Plusieurs associations professionnelles de commerçants, françaises comme européennes, ont fustigé ce projet. Ramener « le délai maximum de 60 à 30 jours » « va mécaniquement augmenter les retards de paiement en mettant la pression sur la trésorerie des commerçants » et « menacer la survie des entreprises les plus fragiles » qui feront face « à des problèmes de liquidité très importants », a par exemple affirmé en octobre le Conseil du commerce de France (CDCF), qui rassemble une trentaine de fédérations commerçantes. Il affirme que la « ponction de trésorerie effectuée au détriment des commerçants français serait de l'ordre de 25 à 30 milliards d'euros » si la proposition de la Commission européenne venait à être entérinée en l'état. Le texte se trouve toutefois au tout début de son processus législatif.

En France, les retards de paiement supérieurs à 30 jours sont passés de 5,7% à 7,6% en un an

Reste que la problématique des retards de paiement entre entreprises est, en France, un sujet de préoccupation. Ainsi, selon l'étude semestrielle d'Altares publiée fin septembre, si la proportion des bons payeurs français « est à son plus haut historique », les retards supérieurs à 30 jours sont passés de 5,7% à 7,6% en un an.

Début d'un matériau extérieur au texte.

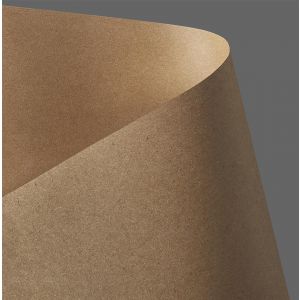 Karton ozdobny Argo A4/230/20szt Kraft Ciemnobeżowy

En particulier, « la situation se tend fortement chez les PME et les TPE » : au cours du 1er semestre, les sociétés de 10 à 49 salariés sont restées sous 11,5 jours de délai, mais celles de 50 à 200 salariés ont allongé leurs retards de plus d'une journée (12,4 jours au deuxième trimestre contre 11,2 au T2 2022). Chez les TPE, c'est l'inverse : les structures de plus de 3 salariés se maintiennent aux environs de 11,5 jours tandis que les plus petites repassent à 12,2 jours au 2e trimestre. Les ETI (Entreprise de taille intermédiaire) et grandes entreprises de plus de 1.000 salariés « ne confirment pas » pour leur part l'amélioration engagée l'an dernier : les délais réduits à 16,5 jours à l'été 2022 avoisinent désormais 18 jours.

Et pourtant, selon le gouverneur de la Banque de France, François Villeroy de Galhau, la situation économique, même dégradée, « ne justifie en rien » que certaines entreprises « s'imaginent en droit de dégrader leur comportement de paiement au détriment de leurs partenaires commerciaux ».